Contact-inhibition-induced quiescence of stromal fibroblasts previously has been coupled with maintenance of glycolytic throughput, shuttling glucose into the pentose phosphate shunt, and backward flux of glutamine into the tricarboxylic acid cycle (36). To test whether flexible metabolism of HS-27A and their support of MDA-MB-231 cell growth are dependent on the pentose phosphate pathway, we measured their dose response to the steroid hormone inhibitor of this pathway, dehydroepiandrosterone (DHEA) (Figure 5E) (37). Interestingly, cancer cells were eliminated with positive selectivity in both HS-5 and HS-27A spheroids, suggesting the involvement of the pentose phosphate pathway for these cancer cells in both stromal environments. The effective concentration for 50% maximal biologic effect (EC50) was reduced for both stromal and cancer cells in HS-27A compared with HS-5 co-cultures. These data suggest that unlike HS-5 cells, HS-27A cells produce a compensatory shift toward the pentose phosphate pathway within spheroids.

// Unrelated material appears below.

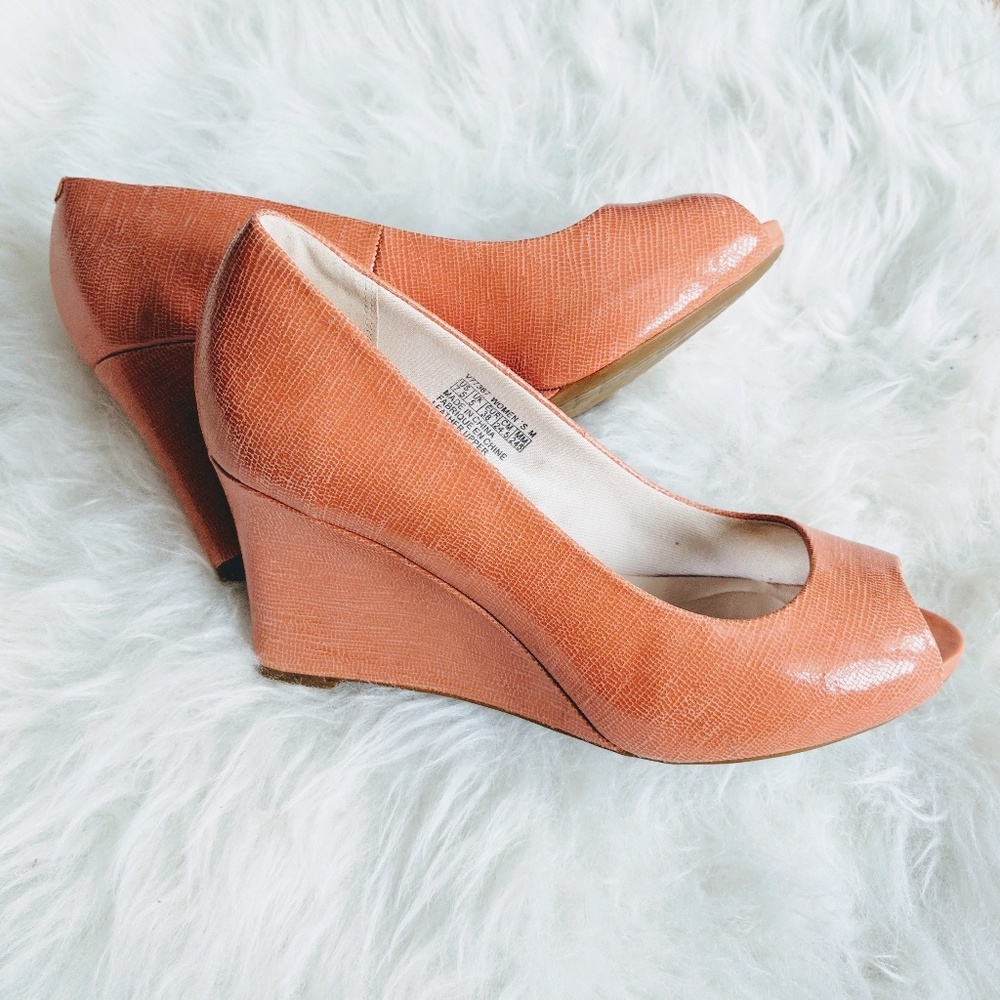 Coral Peep Toe Wedges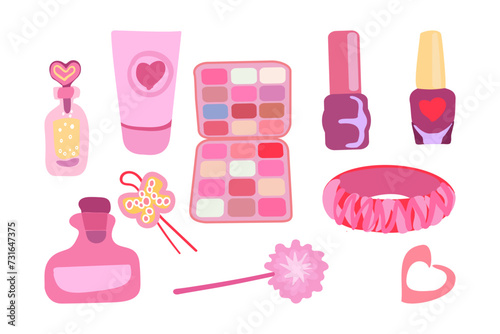 Pink cosmetics. Fashion trends. Vector illustration.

We previously suggested that selective elimination of quiescent and growing MDA-MB-231 cells by inhibition of constitutively active K-Ras (MEK inhibitor, PD0325901) could be attributed to nonproliferation-based mechanisms (27) (Figure 5F). To test the metabolic effects of MEK inhibition, we pretreated MDA-MB-231 cells overnight before measuring extracellular flux in the Seahorse system. Metabolic activity was suppressed for glutaminolysis, glycolysis, and maximal glycolytic capacity (Figure 6). These data further suggest that MEK inhibition functions in part through a noncell cycle-based mechanism and suppresses both glycolytic and oxidative metabolism.

Figure 6.

Drug inhibition of MEK suppresses metabolic activity of MDA-MB-231 cells. The graph shows mean values ± SEM (N = 6 per condition) of extracellular acidification and oxygen consumption rates of MDA-MB-231 cancer cells untreated or pretreated with PD0325901; higher extracellular acidification rate (ECAR) and oxygen consumption rate (OCR) indicate greater metabolic activity. i, baseline; ii, after glucose injection; and iii, after oligomycin injection.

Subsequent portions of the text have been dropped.